Only an exact copy of the records, from the line with "8-Piece Lingerie Combo" through the last line, is wanted.

** Opening Exercise data block **

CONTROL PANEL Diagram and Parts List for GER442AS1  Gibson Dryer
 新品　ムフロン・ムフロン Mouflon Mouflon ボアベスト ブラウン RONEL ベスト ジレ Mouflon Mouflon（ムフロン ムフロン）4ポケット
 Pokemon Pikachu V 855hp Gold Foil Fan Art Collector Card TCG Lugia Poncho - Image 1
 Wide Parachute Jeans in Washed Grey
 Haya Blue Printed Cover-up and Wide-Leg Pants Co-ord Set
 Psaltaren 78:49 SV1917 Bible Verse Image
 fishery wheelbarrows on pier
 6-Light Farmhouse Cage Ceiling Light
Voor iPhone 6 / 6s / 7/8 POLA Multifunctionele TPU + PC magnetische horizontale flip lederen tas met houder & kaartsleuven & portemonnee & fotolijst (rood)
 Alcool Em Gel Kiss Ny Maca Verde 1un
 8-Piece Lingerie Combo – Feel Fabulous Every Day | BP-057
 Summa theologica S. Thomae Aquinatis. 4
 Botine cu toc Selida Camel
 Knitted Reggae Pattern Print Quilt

** Closing Exercise data block **

Task output:
 8-Piece Lingerie Combo – Feel Fabulous Every Day | BP-057
 Summa theologica S. Thomae Aquinatis. 4
 Botine cu toc Selida Camel
 Knitted Reggae Pattern Print Quilt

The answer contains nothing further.